Children are among the least protected population group when it comes to pesticide exposure, according to the National Academy of Sciences report, Pesticides In the Diets of Infants and Children (1993). Children, due to their small size, greater intake of air and food relative to body weight, developing organ systems and other unique characteristics, are at higher risk than adults to pesticides. Numerous studies document that children exposed to pesticides suffer elevated rates of childhood leukemia, soft tissue sarcoma and brain cancer. Studies link pesticides to childhood asthma and respiratory problems. Scientists increasingly associate learning disabilities or attention deficit disorders with low level toxic exposure because of their affect on the central nervous system.

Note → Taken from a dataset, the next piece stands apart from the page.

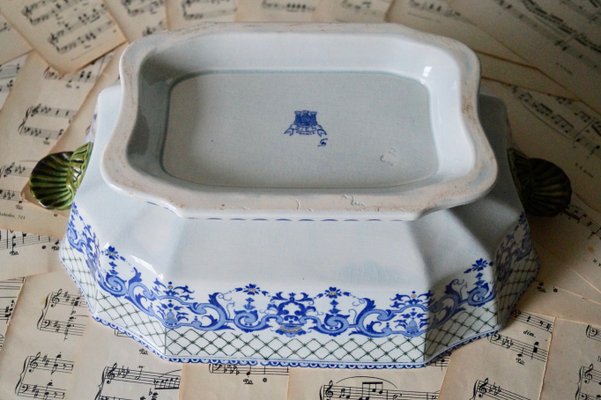 Big Vintage Gien France Tureen with Underplate-DVX-1255492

In fall 1999, the General Accounting Office (GAO), at the request of Senator Joseph Lieberman (D-CT), conducted a national review of the extent to which pesticides are used in and around the nation’s 110,000 public schools and the magnitude of the risk of exposure to children. The GAO report, Pesticides: Use, Effects, and Alternatives to Pesticides in Schools (GAO/RCED-00-17), found that the data on the amount of pesticides used in the nation’s public schools is neither available nor collected by the federal and most state governments. The report also found that EPA is not doing enough to protect children from pesticides, and that there is limited information on how many children are exposed to pesticides in schools. The GAO cited EPA’s analysis of the Poison Control Centers’ Toxic Exposure Surveillance System, documenting 2,300 school pesticide exposures from 1993-1996. Because most of the symptoms of pesticide exposure, from respiratory distress to difficulty in concentration, are common and may be assumed to have other causes, it is suspected that pesticide-related illness is much more prevalent than presently indicated.